[ASSIGNMENT] Only the lines that contain the string "Stretch" belong in the answer; pull them from the records.

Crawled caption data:

• • • •

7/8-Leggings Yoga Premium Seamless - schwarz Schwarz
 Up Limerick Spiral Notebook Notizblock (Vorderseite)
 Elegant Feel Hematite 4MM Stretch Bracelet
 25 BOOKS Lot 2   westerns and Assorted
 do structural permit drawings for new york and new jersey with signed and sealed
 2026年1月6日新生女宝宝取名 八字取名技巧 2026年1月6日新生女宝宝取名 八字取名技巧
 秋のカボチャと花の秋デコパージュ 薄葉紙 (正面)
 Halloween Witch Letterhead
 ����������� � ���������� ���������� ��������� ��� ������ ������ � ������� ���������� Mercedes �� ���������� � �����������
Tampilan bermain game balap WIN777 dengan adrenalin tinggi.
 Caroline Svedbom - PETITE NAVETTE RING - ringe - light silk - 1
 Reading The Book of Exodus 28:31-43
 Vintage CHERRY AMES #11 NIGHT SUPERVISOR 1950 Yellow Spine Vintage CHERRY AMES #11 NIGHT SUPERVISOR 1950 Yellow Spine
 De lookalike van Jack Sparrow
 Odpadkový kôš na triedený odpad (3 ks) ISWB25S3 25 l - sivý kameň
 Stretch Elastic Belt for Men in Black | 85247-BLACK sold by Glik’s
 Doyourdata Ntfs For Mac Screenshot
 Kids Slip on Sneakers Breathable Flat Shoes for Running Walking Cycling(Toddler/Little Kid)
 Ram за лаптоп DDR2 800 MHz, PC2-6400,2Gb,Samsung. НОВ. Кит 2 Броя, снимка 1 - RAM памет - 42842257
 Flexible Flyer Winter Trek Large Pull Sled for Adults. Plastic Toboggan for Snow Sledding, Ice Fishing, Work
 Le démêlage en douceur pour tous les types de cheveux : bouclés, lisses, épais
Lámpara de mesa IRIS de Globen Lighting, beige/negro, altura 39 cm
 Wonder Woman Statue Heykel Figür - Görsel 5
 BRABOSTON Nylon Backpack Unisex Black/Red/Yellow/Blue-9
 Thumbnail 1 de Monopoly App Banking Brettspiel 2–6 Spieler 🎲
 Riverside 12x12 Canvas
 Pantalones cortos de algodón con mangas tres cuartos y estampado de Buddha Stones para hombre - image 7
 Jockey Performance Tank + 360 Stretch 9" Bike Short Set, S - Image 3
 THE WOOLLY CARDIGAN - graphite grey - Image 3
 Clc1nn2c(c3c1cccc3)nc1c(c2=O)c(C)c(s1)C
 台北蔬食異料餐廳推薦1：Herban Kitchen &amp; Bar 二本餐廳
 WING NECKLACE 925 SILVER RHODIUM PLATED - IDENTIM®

• • • •

[TASK RESULT]
 Elegant Feel Hematite 4MM Stretch Bracelet
 Stretch Elastic Belt for Men in Black | 85247-BLACK sold by Glik’s
 Jockey Performance Tank + 360 Stretch 9" Bike Short Set, S - Image 3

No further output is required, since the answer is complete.